Sono passati 20 anni da quel 27 marzo quando la storia del nostro paese cambiò completamente. L’ imprenditore vinse le elezioni politiche contro ogni previsione. L’Italia, sconvolta nel suo panorama politico dall’inchiesta Mani Pulite, disse No al PDS di Achille Occhetto.

Quando Silvio Berlusconi pronunciò il famoso discorso della discesa in campo (“L’italia è il paese che amo…”) nessuno avrebbe scommesso che di lì a poco sarebbe diventato Presidente del Consiglio. Legato da solidi legami ai Socialisti sconvolti da Tangentopoli, l’allora Cavaliere, coperto l’obiettivo della telecamera con una calza velata, indirizzò ai cittadini italiani uno dei discorsi più famosi degli ultimi decenni.

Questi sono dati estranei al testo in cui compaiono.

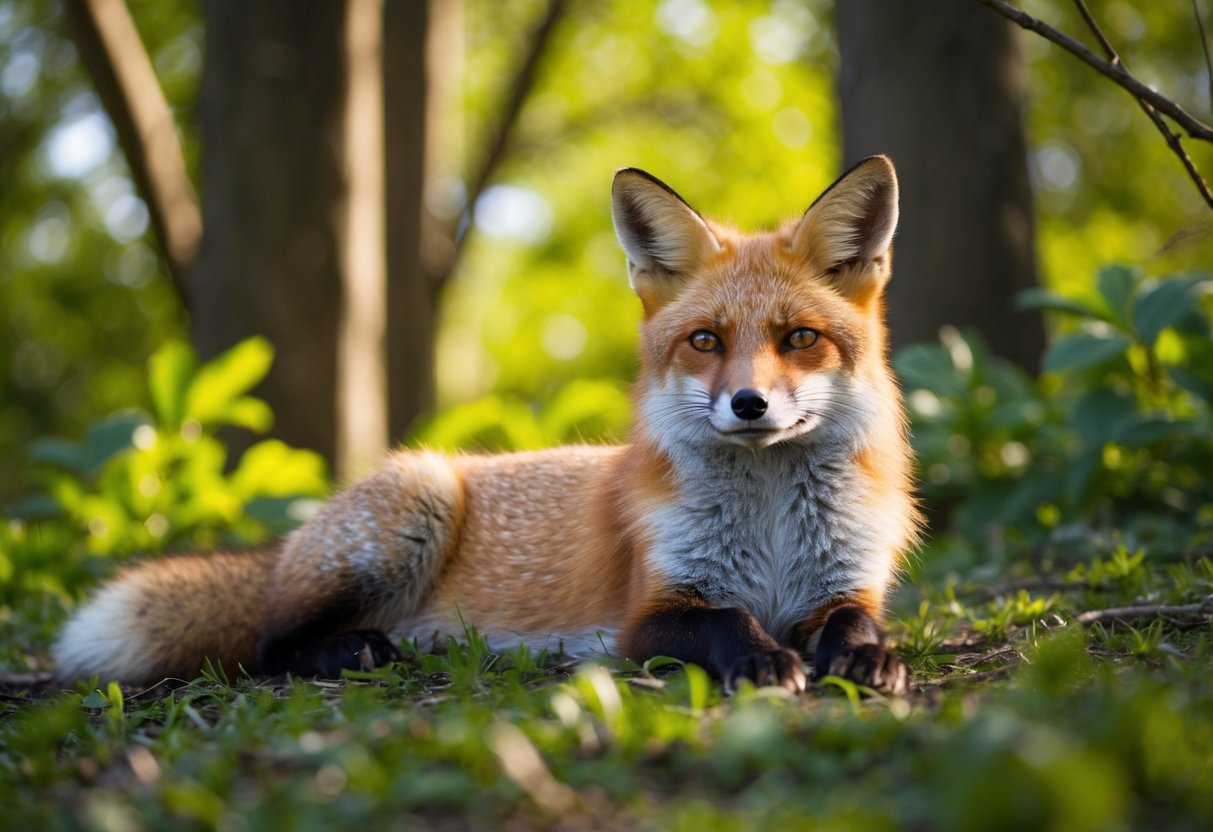 A red fox lounges in a lush, wooded habitat, basking in the warm sunlight filtering through the trees. Its keen eyes scan the surroundings, alert for any signs of prey or danger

Poco prima delle elezioni, si comprese tutta la portata innovativa, (il che non costituisce una valutazione di merito) nel duello-dibattito con il segretario del PDS, Achille Occhetto, di Silvio Berlusconi. In quell’occasione si ebbe la percezione di tutta l’innegabile forza comunicativa di un Berlusconi che parlava direttamente agli elettori, anzi, agli italiani, contrapposto ad un Occhetto che parlava il linguaggio della politica. Da quel duello il segretario Pds, che aveva parlato di “gioiosa macchina da guerra” riferendosi alla sua coalizione, uscì malconcio, quasi quanto dalla Bolognina.

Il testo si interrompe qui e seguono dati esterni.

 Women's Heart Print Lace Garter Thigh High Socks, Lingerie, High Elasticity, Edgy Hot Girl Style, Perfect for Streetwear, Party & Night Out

Berlusconi vinse le elezioni a mani basse, con un’inedita coalizione bipartita. Al Sud Forza Italia era alleata del MSI di Gianfranco FIni, al Nord si presentava con la semisconosciuta Lega del senatur Umberto Bossi.

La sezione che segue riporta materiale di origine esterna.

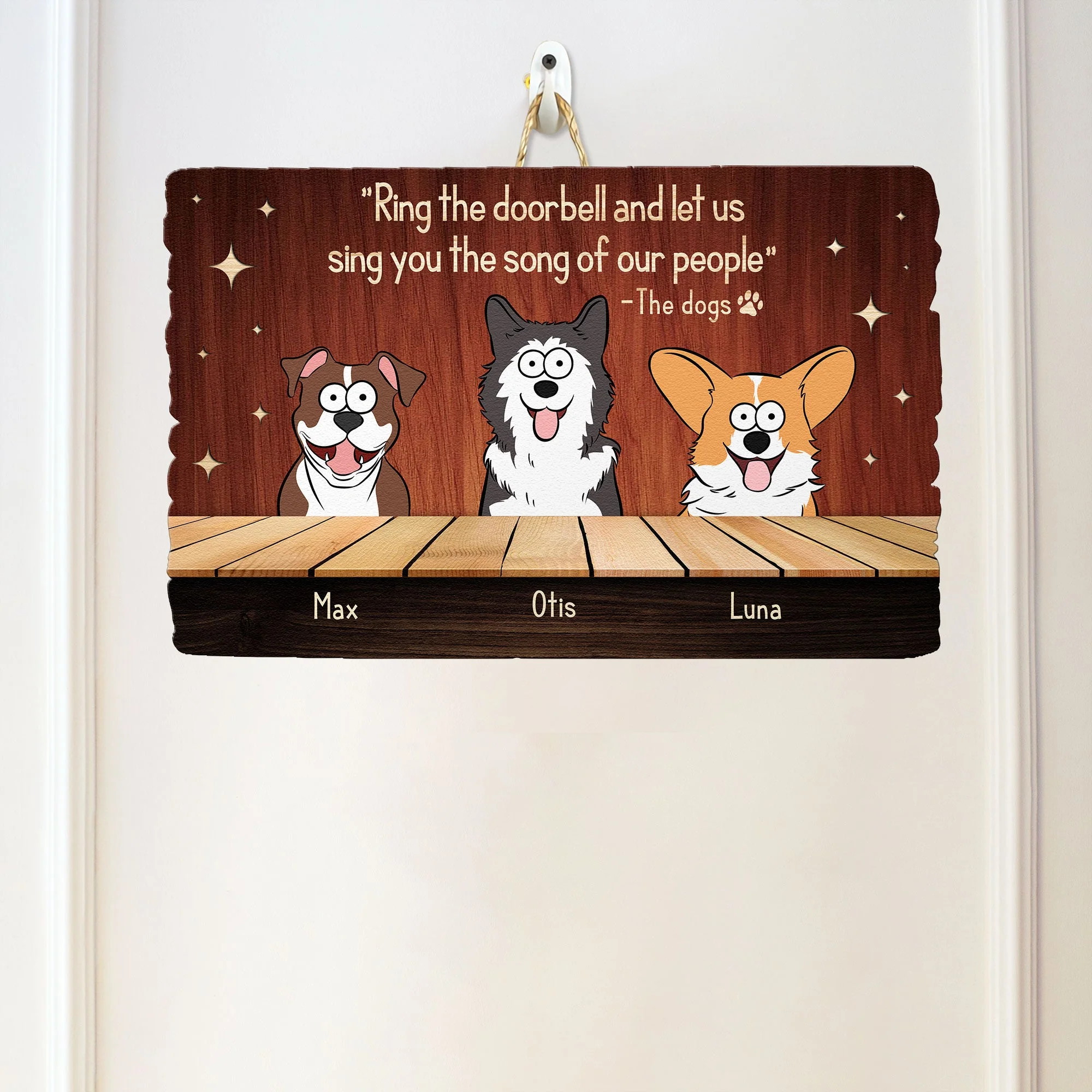 Ring The Doorbell And Let Us Sing You - Personalized Custom Shaped Wood Sign - Image 2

Ma cosa fece di Berlusconi il Presidente del Consiglio? Sicuramente l’impero mediatico, che ne amplificò sino a livelli parossistici i propositi in campagna elettorale, ma non basta. Probabilmente vinse, ed ha continuato a vincere perchè regalò un sogno, come fa notare Davide Vecchi, giornalista de “Il Fatto Quotidiano”, definendolo “imbonitore prestato alla politica per interessi personali”. Berlusconi diede agli italiani uno sogno da condividere, e fornì loro dei personaggi identificabili in questa storia italiana. Se l’ex- Cavaliere era l’eroe della storia, i giudici comunisti erano gli antagonisti e il Comunismo, l’ideologia del male. In una storia raccontata in questo modo, l’eroe, pur padrone di un impero mediatico, è riuscito a far passare, a rendere normale l’idea che tutti i giornali e le televisioni fossero contro di lui. Il risultato è l’attuale delegittimazione, la credibilità distrutta della stampa (pur non esente da colpe anche gravi).

Il risultato finale, senza entrare in un’elencazione di tutte le conseguenze generate negli ultimi vent’anni dal pensiero berlusconiano, potrebbe essere riassunto proprio nella condivisione di questa storia, che ha delegittimato società e istituzioni.